Source data START

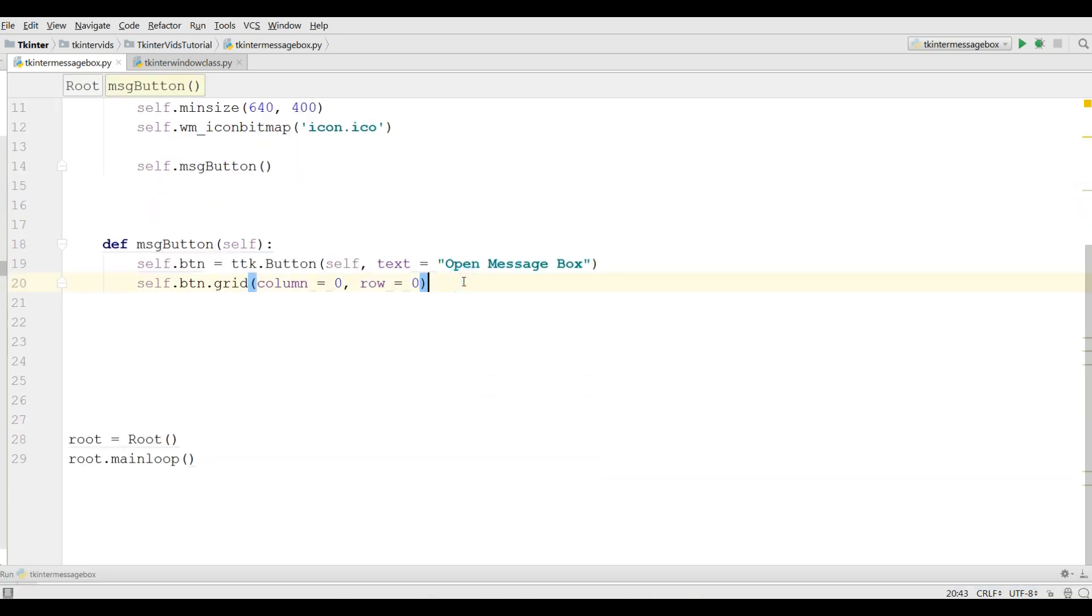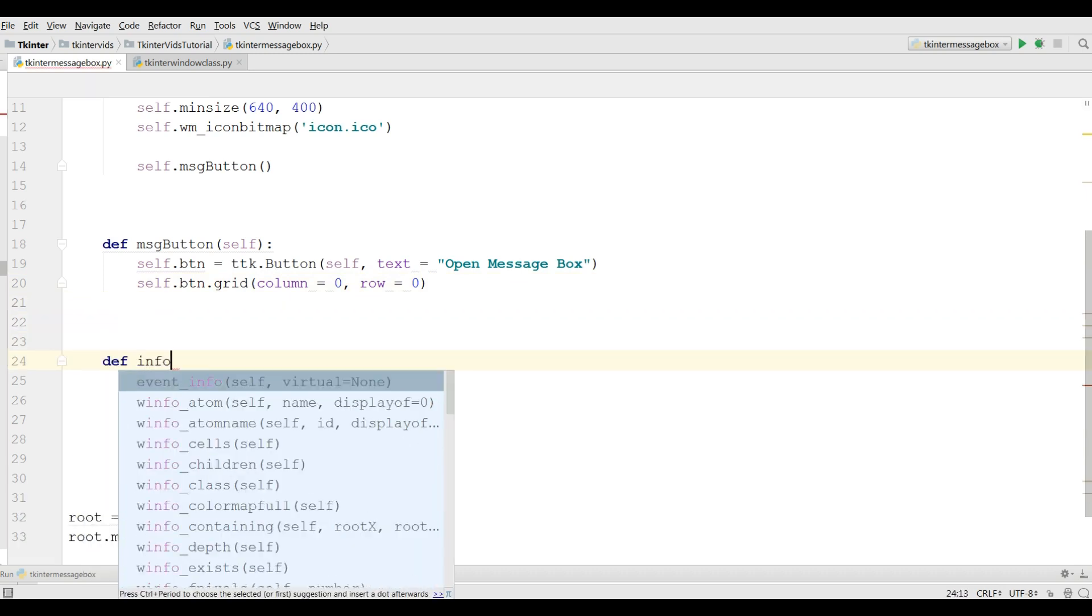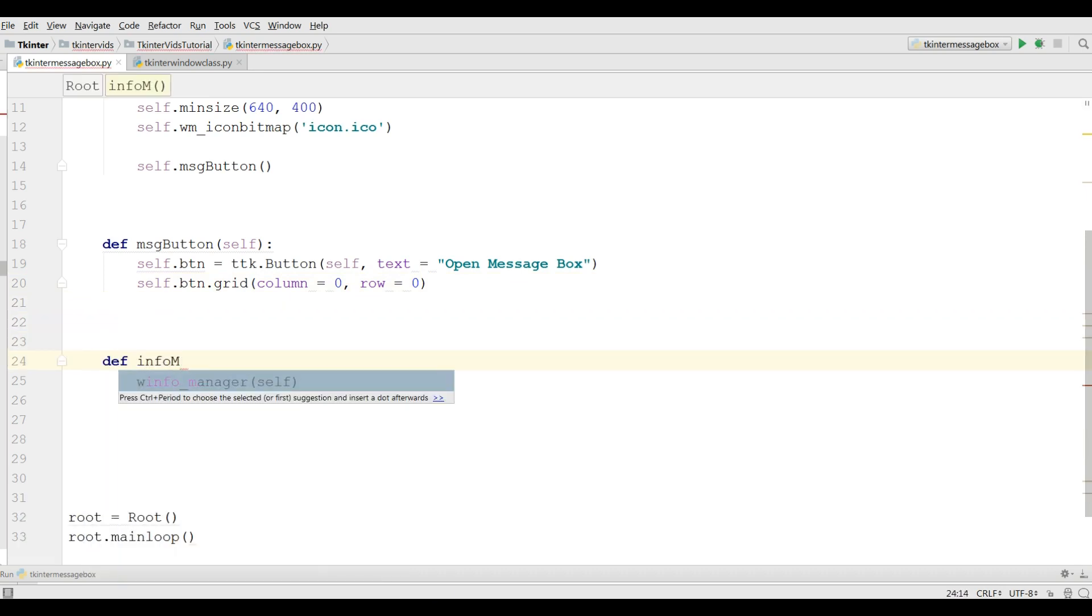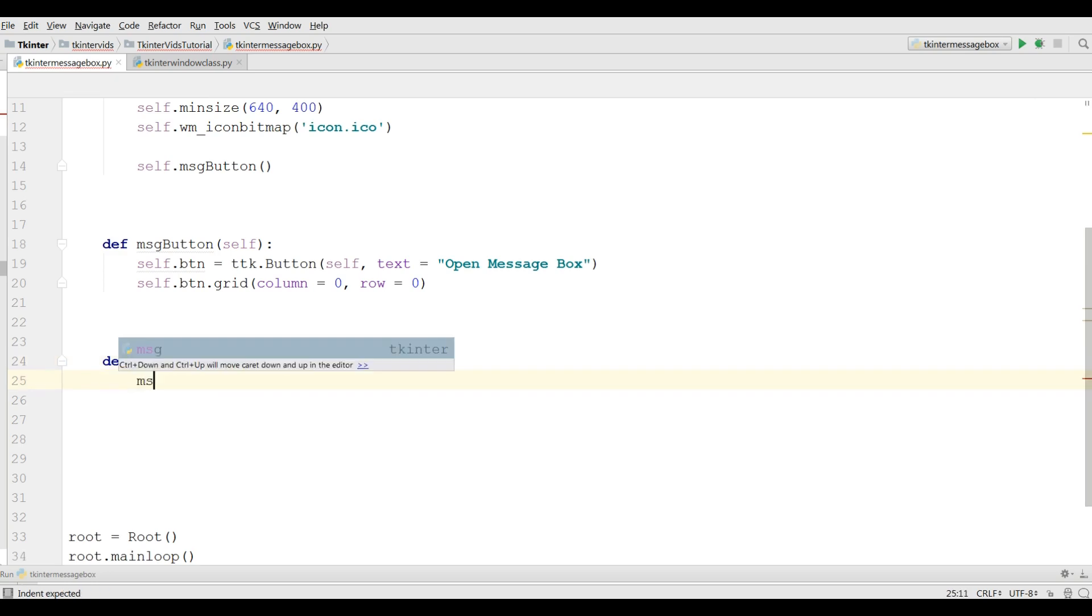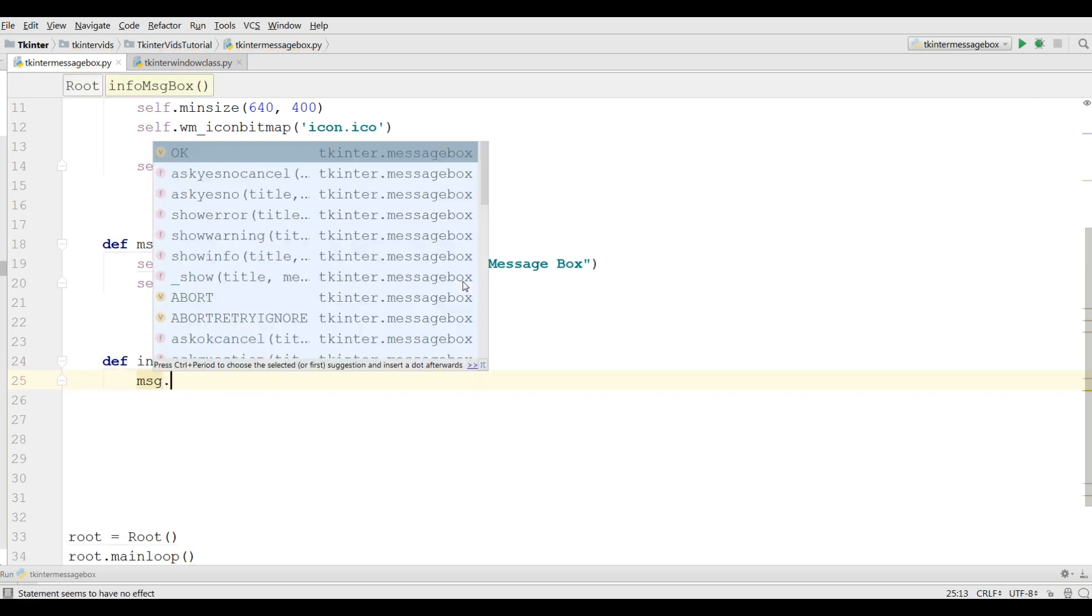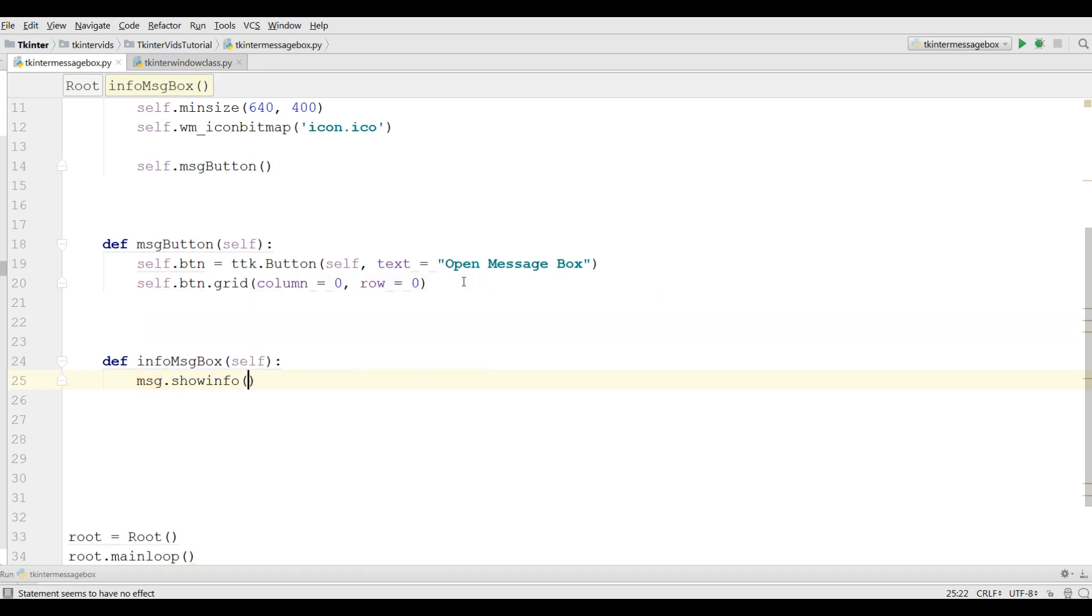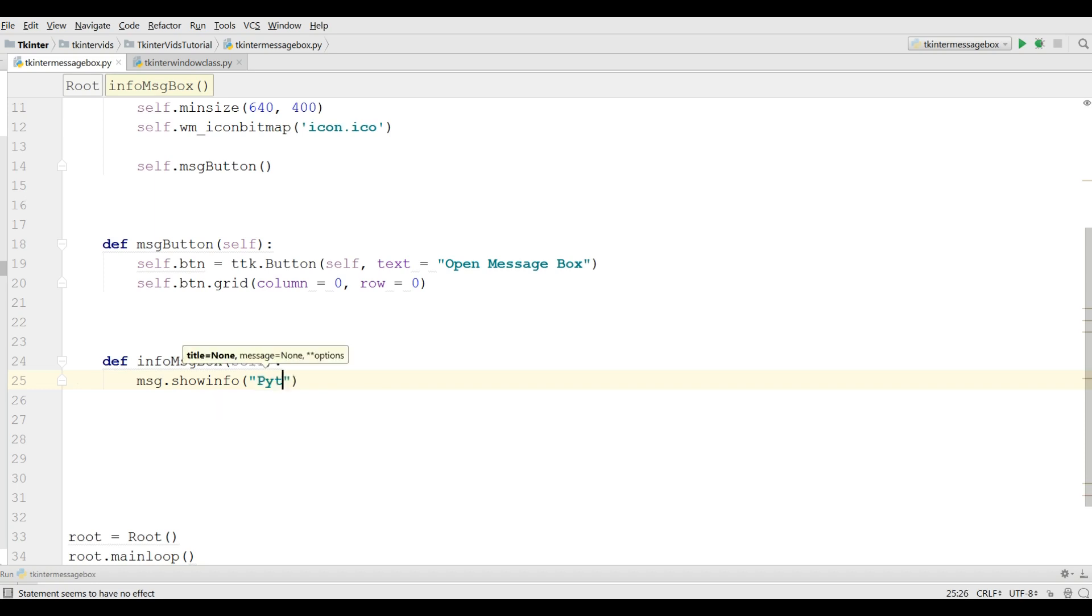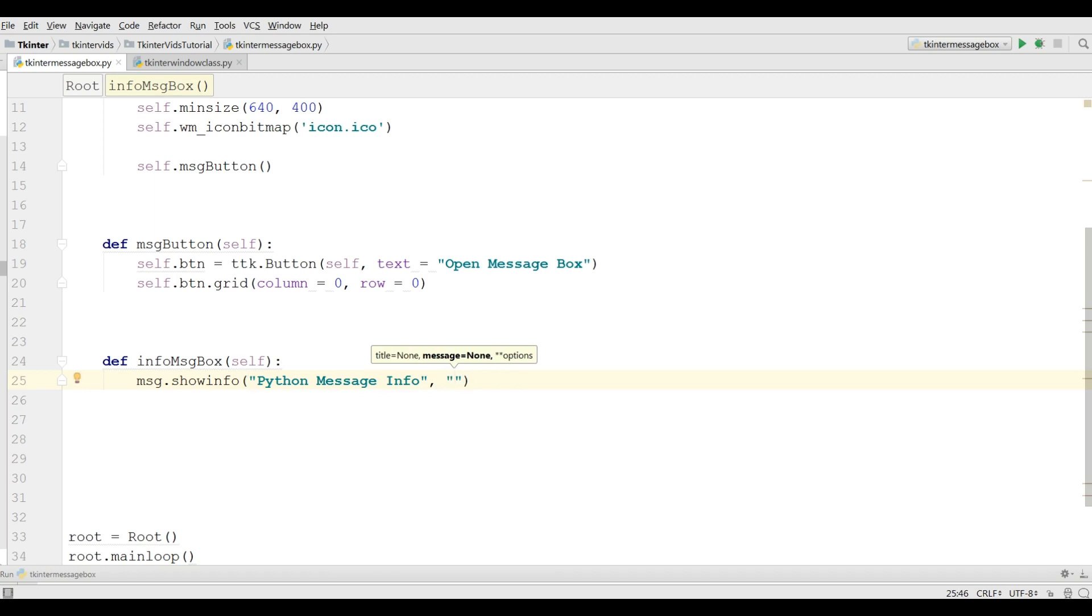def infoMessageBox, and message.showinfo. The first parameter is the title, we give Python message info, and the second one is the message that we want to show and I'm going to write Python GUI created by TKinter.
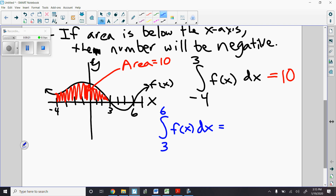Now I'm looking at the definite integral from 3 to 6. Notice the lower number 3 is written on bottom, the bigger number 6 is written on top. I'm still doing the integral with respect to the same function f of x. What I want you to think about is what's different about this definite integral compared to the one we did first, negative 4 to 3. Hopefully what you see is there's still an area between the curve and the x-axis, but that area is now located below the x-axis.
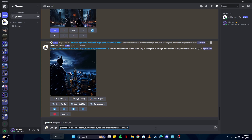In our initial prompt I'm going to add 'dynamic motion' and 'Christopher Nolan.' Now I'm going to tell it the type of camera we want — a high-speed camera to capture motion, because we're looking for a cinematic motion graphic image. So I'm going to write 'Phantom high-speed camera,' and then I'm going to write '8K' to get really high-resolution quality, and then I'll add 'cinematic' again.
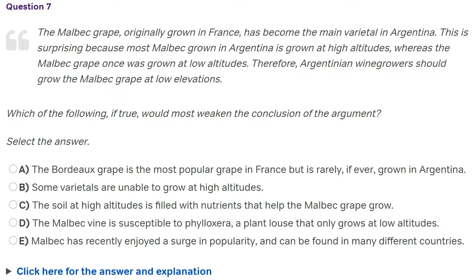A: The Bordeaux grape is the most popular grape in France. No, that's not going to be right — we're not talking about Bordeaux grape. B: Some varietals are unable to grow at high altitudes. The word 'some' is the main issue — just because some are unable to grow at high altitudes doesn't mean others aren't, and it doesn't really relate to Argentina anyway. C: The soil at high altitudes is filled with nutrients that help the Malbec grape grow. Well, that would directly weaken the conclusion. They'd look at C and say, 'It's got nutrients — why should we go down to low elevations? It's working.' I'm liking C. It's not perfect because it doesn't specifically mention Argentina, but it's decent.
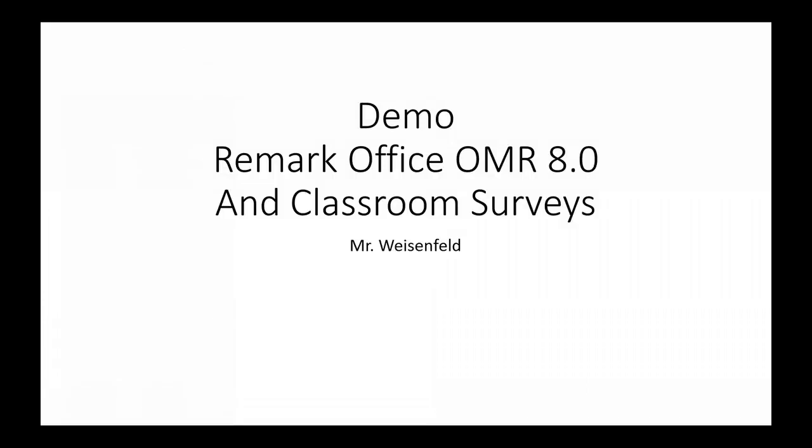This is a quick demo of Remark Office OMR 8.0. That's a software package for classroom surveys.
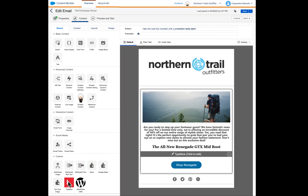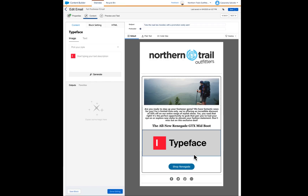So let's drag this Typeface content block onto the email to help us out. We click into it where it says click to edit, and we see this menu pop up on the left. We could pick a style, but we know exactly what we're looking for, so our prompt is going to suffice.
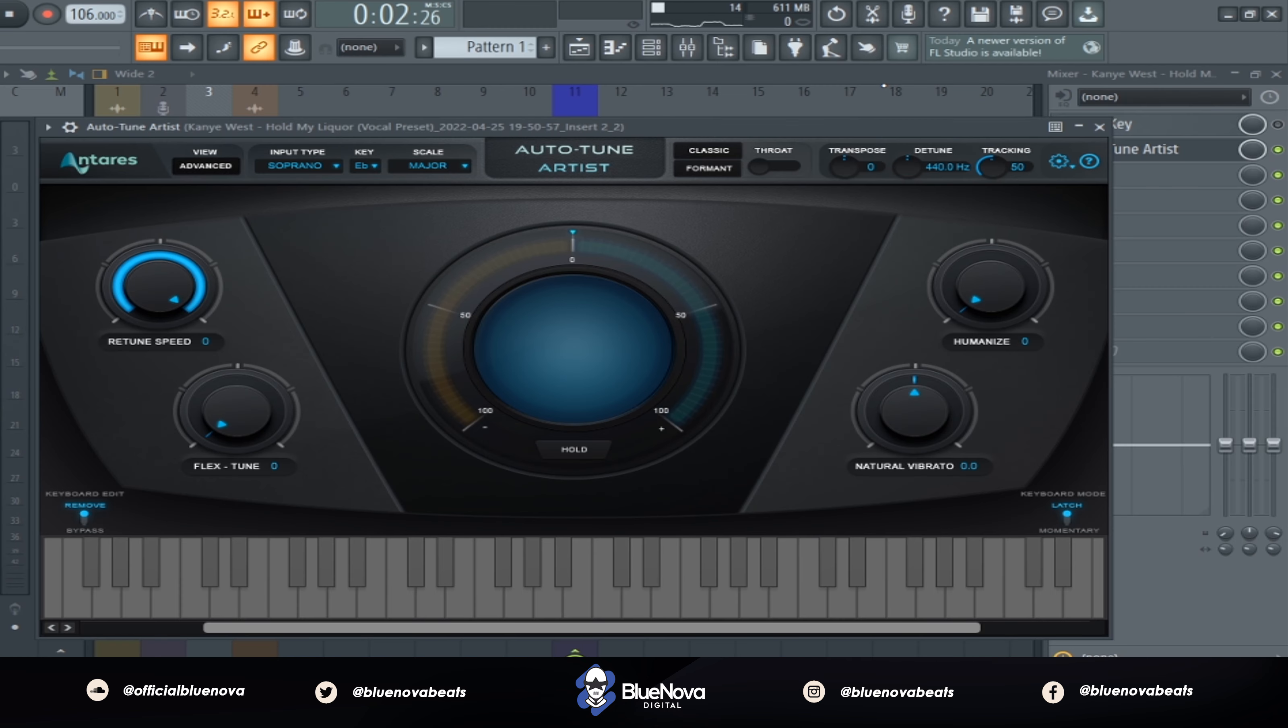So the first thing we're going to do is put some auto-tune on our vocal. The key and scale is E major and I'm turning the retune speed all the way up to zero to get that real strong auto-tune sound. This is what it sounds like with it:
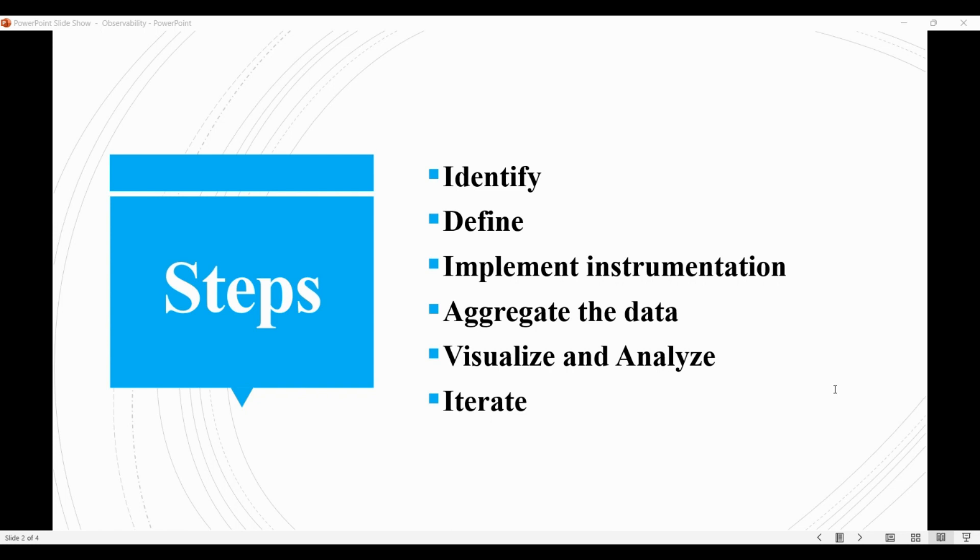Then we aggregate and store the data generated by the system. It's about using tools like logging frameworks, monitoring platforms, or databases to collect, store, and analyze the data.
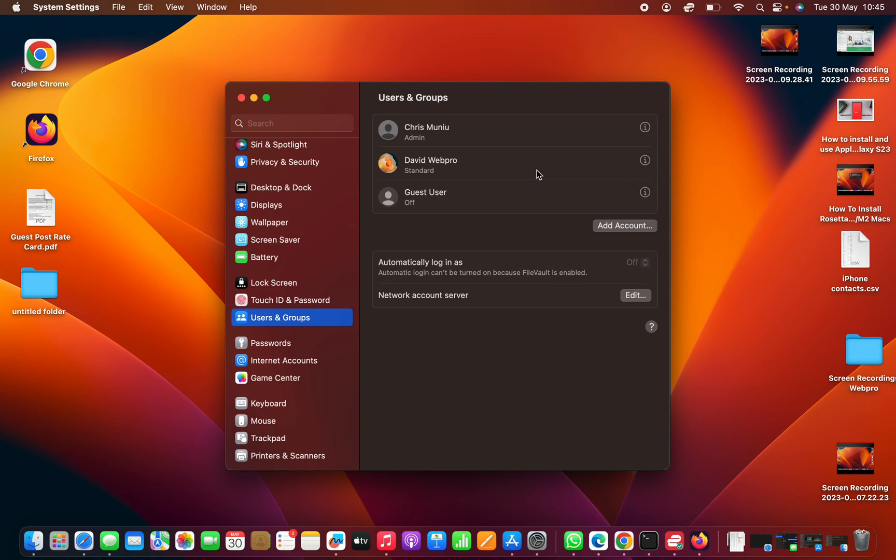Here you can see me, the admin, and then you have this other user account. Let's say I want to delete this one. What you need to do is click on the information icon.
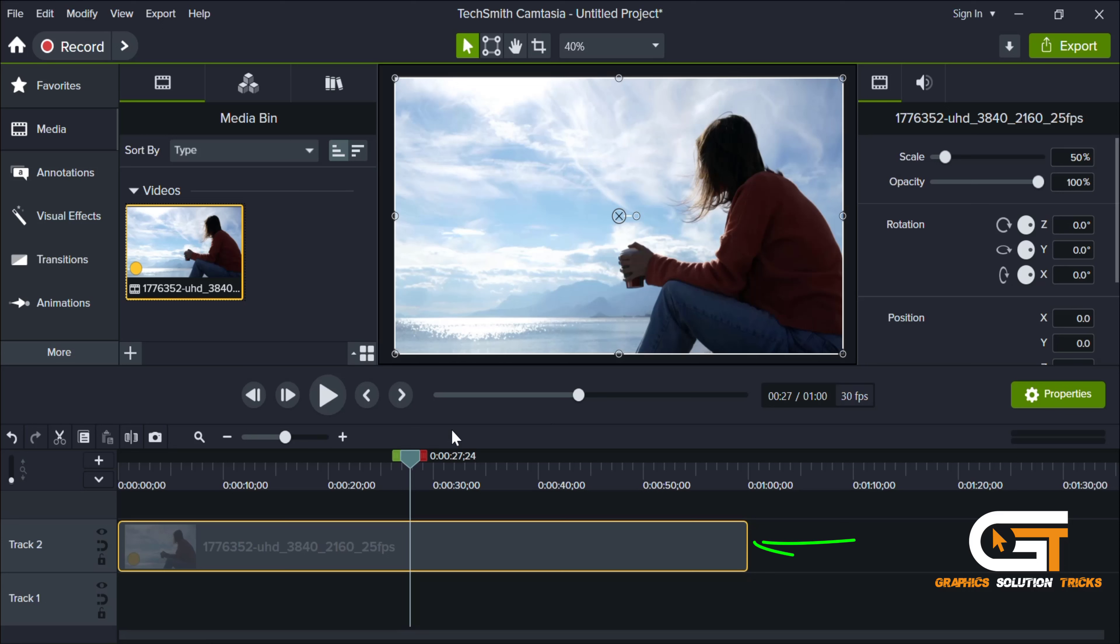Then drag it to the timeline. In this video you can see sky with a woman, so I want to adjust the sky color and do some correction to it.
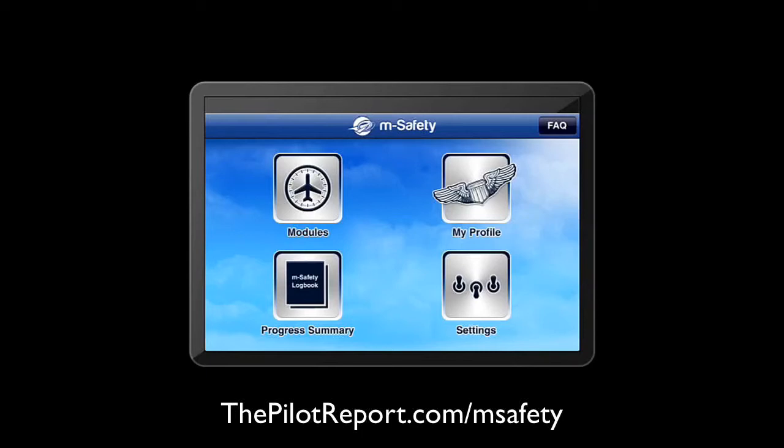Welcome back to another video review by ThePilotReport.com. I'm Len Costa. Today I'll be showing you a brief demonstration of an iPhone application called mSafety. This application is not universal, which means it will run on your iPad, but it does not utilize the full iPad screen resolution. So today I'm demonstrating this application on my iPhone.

Source data END

◆ **Description of the task**
Line for line, output the entries above from the line with "This is a quick" to the line with "Then we aggregate", both included, and nothing more. Skip pictures.

◆ **Response to this task**
This is a quick demo of Remark Office OMR 8.0. That's a software package for classroom surveys.
So let's drag this Typeface content block onto the email to help us out. We click into it where it says click to edit, and we see this menu pop up on the left. We could pick a style, but we know exactly what we're looking for, so our prompt is going to suffice.
So the first thing we're going to do is put some auto-tune on our vocal. The key and scale is E major and I'm turning the retune speed all the way up to zero to get that real strong auto-tune sound. This is what it sounds like with it:
Then we aggregate and store the data generated by the system. It's about using tools like logging frameworks, monitoring platforms, or databases to collect, store, and analyze the data.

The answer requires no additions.